Julio T. Bacmeister

and 11 more

We examine the response of the Community Earth System Model versions 1 and 2 (CESM1 and CESM2) to abrupt quadrupling of atmospheric CO$_2$ concentrations (4xCO2) and to 1% annually increasing CO2 concentrations (1%CO2). Different estimates of equilibrium climate sensitivity (ECS) for CESM1 and CESM2 are presented. All estimates show that the sensitivity of CESM2 has increased by 1.5K or more over that of CESM1. At the same time the transient climate response (TCR) of CESM1 and CESM2 derived from 1%CO2 experiments has not changed significantly - 2.1K in CESM1 and 2.0K in CESM2. Increased initial forcing as well as stronger shortwave radiation feedbacks are responsible for the increase in ECS seen in CESM2. A decomposition of regional radiation feedbacks and their contribution to global feedbacks shows that the Southern Ocean plays a key role in the overall behavior of 4xCO2 experiments, accounting for about 50% of the total shortwave feedback in both CESM1 and CESM2. The Southern Ocean is also responsible for around half of the increase in shortwave feedback between CESM1 and CESM2, with a comparable contribution arising over tropical ocean.
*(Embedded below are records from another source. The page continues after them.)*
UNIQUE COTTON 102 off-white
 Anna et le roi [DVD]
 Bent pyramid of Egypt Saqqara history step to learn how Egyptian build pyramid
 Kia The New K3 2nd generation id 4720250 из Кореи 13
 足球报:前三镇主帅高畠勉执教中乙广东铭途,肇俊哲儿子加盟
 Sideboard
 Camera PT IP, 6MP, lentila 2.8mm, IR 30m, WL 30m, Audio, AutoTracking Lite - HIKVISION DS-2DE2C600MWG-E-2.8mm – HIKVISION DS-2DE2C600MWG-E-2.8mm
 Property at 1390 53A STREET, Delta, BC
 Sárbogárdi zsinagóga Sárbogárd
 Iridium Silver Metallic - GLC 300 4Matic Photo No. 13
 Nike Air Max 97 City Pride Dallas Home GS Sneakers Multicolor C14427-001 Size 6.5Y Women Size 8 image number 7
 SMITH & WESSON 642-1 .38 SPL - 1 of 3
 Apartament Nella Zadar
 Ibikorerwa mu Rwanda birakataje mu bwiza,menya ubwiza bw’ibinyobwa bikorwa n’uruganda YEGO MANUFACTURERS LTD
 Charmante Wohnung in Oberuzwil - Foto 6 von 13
Experiments using a thermodynamic slab-ocean model (SOM) yield estimates of ECS that are in remarkable agreement with those from fully-coupled earth system model (ESM) experiments for the same level of CO2 increase. Finally, we show that the similarity of TCR in CESM1 and CESM2 masks significant regional differences in warming that occur in the 1%CO2 experiments for each model.